To investigate the rate limiting step of biosorption kinetics, experiments was performed at 100 mg L⁻¹concentration of MB for 24 h. The capacity at any time, q_t (mg g⁻¹), was calculated using the following Eq. 3 [38]. Where, C_t (mg L⁻¹) is the final concentration at any time t.

$$ \mathrm{qt}=\frac{\left(\mathrm{Co}\hbox{--} \mathrm{Ct}\right)\mathrm{V}}{\mathrm{W}} $$

(3)

Biosorption isotherms describe the interaction among the MB and biochars of any system. The equilibrium concentration is the most important to investigate the biosorption process [39]. The experimental data of biosorption capacity of MB on macroalgae-based biochars such as MBC450, MBC550, MBC650, and coal-based biochars such as CBC450, CBC550, and CBC650 were evaluated and compared using the most common biosorption isotherm models like Langmuir and Freundlich presented in Eq. 4 and Eq. 5 [40].

$$ {C}_e/{q}_e={C}_e/{q}_{\mathrm{max}}+1/{q}_{\mathrm{max}}{K}_L $$

(4)

$$ Log\ {q}_e= Log\ {K}_F+ Log\ {C}_e/n $$

(5)

Where q_max (mg g⁻¹), C_e and K_L (L mg⁻¹) are the maximum biosorption capacity, equilibrium dye concentration and Langmuir constant, respectively. K_F (L mg⁻¹) is a Freundlich constant and n_F is a heterogeneity factor.

The Langmuir isotherm parameters can be used to investigate the attraction between MB and biochars using Eq. 6 for the separation factor or dimensionless equilibrium parameter (R_L) [41].

$$ {R}_L=\frac{1}{\kern1.75em 1+{K}_L{C}_o\ } $$

(6)

The value of R_L can suggest the nature of biosorption, where C_o is the initial concentration and K_L is the Langmuir constant.

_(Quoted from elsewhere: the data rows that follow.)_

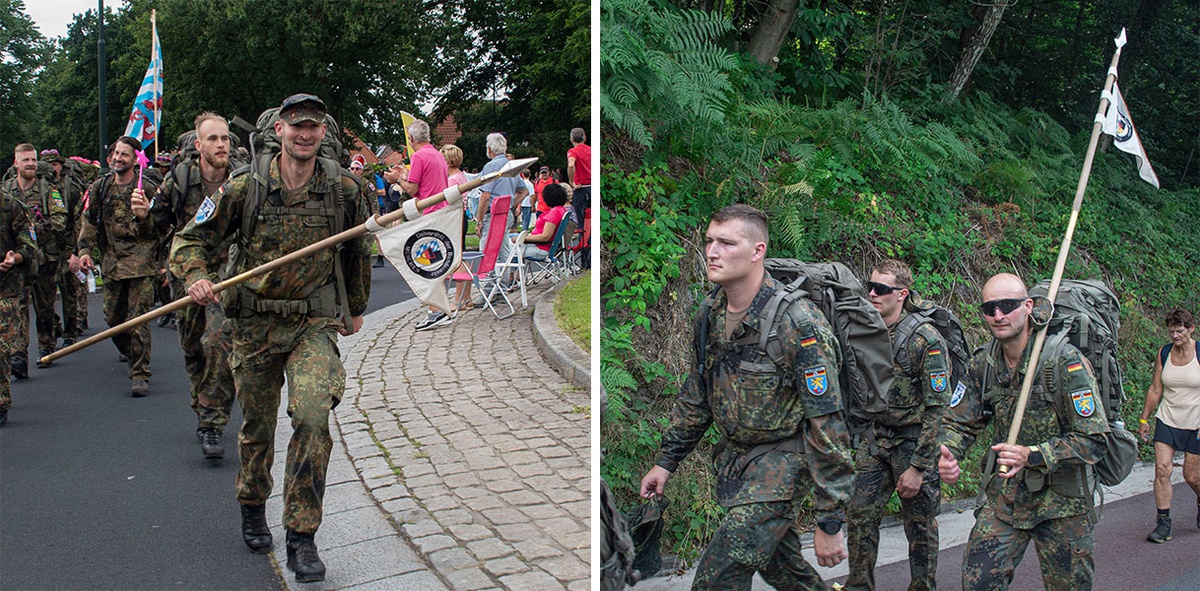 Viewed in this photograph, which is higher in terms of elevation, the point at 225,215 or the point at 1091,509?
the point at 225,215

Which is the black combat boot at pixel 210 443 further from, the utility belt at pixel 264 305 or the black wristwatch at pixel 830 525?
the black wristwatch at pixel 830 525

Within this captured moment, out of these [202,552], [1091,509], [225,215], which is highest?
[225,215]

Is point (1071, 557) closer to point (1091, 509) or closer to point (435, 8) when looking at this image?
point (1091, 509)

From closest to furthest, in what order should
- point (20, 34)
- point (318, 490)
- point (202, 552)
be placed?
point (318, 490), point (202, 552), point (20, 34)

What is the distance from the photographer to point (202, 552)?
4.98 meters

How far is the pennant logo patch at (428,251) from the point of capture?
4.63 metres

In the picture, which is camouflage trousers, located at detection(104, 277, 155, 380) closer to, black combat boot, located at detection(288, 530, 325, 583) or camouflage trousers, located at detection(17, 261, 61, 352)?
camouflage trousers, located at detection(17, 261, 61, 352)

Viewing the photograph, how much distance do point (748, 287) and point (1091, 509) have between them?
209 centimetres

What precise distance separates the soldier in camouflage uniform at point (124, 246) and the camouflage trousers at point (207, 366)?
2.03 m

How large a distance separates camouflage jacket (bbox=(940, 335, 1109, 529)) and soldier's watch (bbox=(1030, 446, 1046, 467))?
20 millimetres

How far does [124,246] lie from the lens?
898 centimetres

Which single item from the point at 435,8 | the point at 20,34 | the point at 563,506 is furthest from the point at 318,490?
the point at 20,34

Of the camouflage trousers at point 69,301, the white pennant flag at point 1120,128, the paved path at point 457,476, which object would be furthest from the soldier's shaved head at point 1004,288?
the camouflage trousers at point 69,301

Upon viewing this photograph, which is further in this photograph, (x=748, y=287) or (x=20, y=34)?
(x=20, y=34) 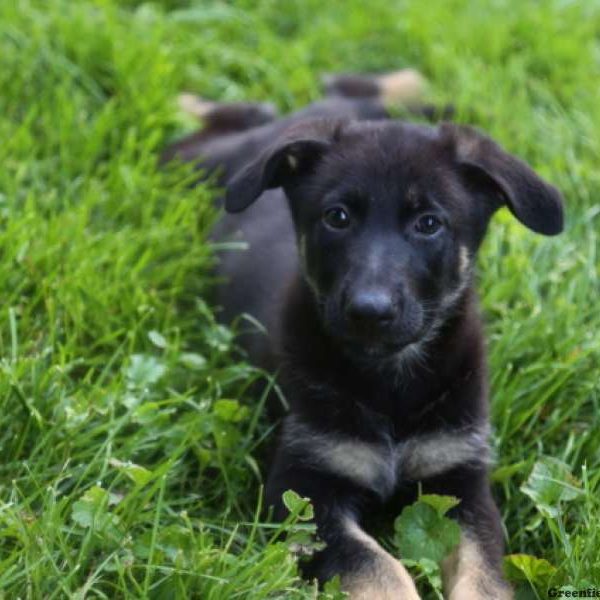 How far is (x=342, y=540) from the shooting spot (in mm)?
3660

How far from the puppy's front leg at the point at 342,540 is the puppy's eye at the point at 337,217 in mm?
708

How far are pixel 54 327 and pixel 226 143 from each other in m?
1.66

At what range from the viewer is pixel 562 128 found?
588cm

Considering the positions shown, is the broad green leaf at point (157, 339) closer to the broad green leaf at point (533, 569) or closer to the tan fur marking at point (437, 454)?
the tan fur marking at point (437, 454)

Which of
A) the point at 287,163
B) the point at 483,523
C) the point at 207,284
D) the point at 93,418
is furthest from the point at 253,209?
the point at 483,523

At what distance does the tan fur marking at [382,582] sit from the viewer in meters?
3.44

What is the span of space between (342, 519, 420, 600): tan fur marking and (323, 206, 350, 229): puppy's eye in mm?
948

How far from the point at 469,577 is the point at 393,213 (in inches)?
41.9

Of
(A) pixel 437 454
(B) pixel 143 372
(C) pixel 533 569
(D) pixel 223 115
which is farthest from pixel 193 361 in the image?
(D) pixel 223 115

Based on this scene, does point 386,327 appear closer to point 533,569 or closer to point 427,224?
point 427,224

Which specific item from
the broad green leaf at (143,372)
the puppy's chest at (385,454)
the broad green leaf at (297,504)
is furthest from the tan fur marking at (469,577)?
the broad green leaf at (143,372)

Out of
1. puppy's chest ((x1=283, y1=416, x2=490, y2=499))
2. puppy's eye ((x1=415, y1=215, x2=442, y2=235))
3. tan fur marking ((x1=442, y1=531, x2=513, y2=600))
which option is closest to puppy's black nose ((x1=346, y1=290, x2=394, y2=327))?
puppy's eye ((x1=415, y1=215, x2=442, y2=235))

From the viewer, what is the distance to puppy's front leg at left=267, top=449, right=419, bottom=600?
3.48 meters

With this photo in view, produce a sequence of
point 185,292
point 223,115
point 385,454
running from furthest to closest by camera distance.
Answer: point 223,115 → point 185,292 → point 385,454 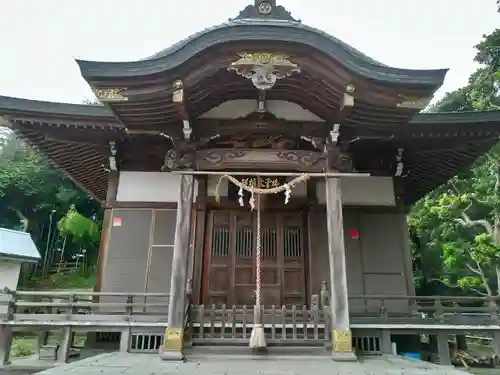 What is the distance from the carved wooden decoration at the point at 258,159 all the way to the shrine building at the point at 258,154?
0.7 inches

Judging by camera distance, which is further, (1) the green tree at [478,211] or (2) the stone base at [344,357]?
(1) the green tree at [478,211]

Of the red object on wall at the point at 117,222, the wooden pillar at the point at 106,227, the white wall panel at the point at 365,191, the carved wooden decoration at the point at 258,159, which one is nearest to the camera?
the carved wooden decoration at the point at 258,159

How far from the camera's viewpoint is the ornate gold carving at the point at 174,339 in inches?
214

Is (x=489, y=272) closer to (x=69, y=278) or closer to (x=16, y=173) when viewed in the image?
(x=69, y=278)

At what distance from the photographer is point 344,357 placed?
17.5ft

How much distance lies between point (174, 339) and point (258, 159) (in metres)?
2.98

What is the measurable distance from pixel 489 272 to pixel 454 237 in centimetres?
195

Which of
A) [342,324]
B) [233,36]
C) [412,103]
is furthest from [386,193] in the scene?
[233,36]

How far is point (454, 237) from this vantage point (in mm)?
16406

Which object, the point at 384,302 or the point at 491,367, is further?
the point at 491,367

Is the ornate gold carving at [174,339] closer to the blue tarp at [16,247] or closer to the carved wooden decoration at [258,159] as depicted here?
the carved wooden decoration at [258,159]

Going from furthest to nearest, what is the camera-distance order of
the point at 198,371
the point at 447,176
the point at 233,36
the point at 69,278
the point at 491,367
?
1. the point at 69,278
2. the point at 447,176
3. the point at 491,367
4. the point at 233,36
5. the point at 198,371

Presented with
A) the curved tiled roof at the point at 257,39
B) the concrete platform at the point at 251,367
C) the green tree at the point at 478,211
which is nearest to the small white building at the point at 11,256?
the concrete platform at the point at 251,367

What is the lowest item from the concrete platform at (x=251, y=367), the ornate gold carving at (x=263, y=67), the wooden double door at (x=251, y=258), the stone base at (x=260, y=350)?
the concrete platform at (x=251, y=367) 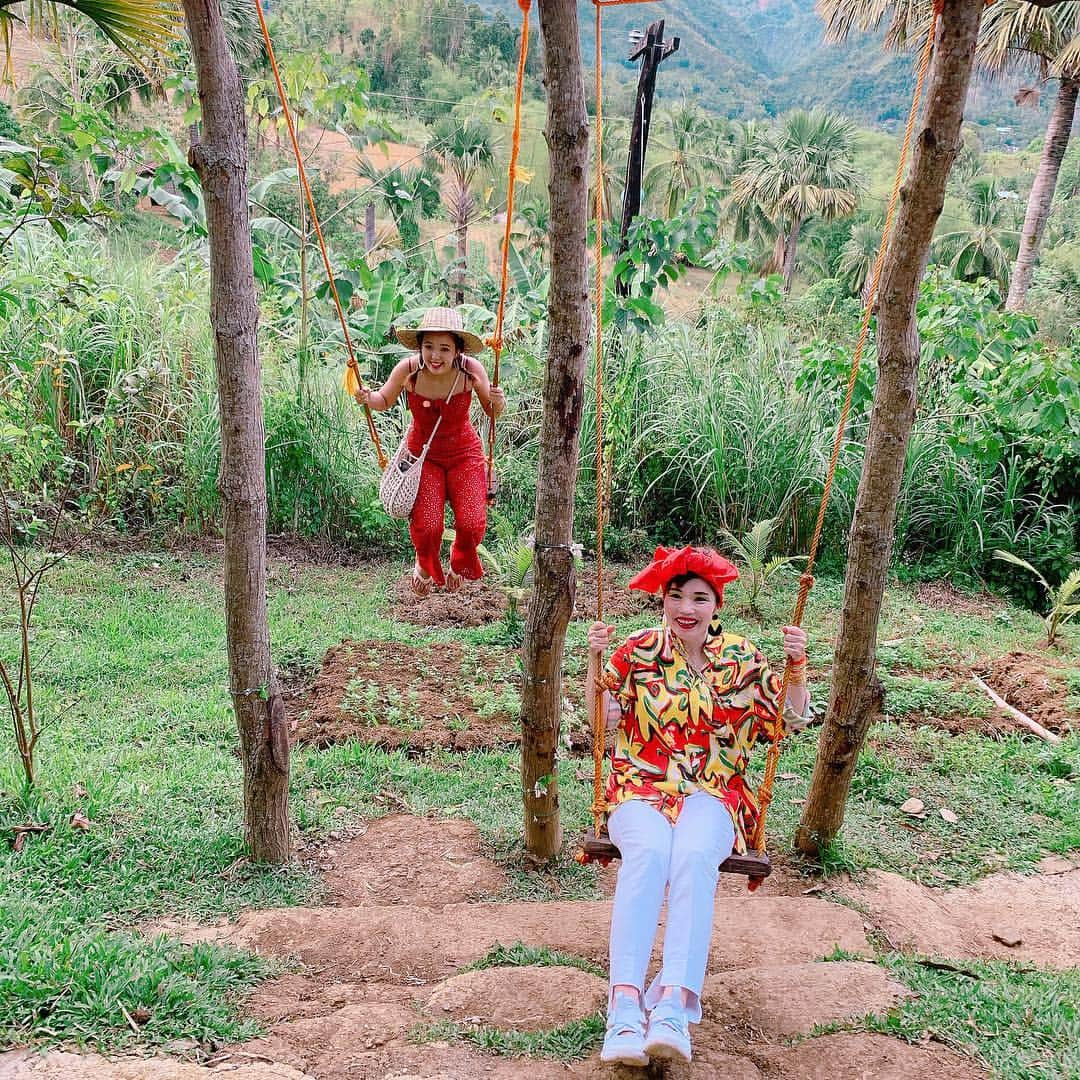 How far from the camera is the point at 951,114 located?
324 cm

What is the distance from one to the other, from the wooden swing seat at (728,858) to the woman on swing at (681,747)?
4 centimetres

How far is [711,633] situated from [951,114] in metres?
1.84

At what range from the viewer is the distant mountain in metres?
40.0

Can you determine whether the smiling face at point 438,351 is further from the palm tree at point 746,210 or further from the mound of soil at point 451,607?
the palm tree at point 746,210

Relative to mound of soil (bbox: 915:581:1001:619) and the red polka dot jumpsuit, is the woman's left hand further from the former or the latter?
mound of soil (bbox: 915:581:1001:619)

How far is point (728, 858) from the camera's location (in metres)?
2.84

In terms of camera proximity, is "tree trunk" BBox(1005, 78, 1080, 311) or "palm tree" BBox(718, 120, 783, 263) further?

To describe the biosorption, kinetics models by pseudo-first-order, pseudo-second-order, and intra-particle diffusion were analyzed using Eqs. 7, 8, and 9, respectively [42].

$$ Ln\ \left({q}_e-{q}_t\right)= Ln\ {q}_e\hbox{--} {K}_1\times t\kern0.5em $$

(7)

$$ \frac{t}{q_t}=\frac{1}{K_2\times {q_e}^2}\kern0.5em +\frac{t}{q_e} $$

(8)

$$ {q}_t={K}_{pi}{t}^{1/2}+{C}_i $$

(9)

Where, t is the contact time (min), q_e and q_t are the biosorption capacity (mg g⁻¹) at equilibrium and at time t (min), respectively. K₁ (min⁻¹), K₂ (g mg⁻¹ min⁻¹) and K_pi (mg g⁻¹ min^1/2) are the pseudo first-order, pseudo second-order, and intra-particle diffusion rate constant, respectively. C_i is the boundary layer thickness.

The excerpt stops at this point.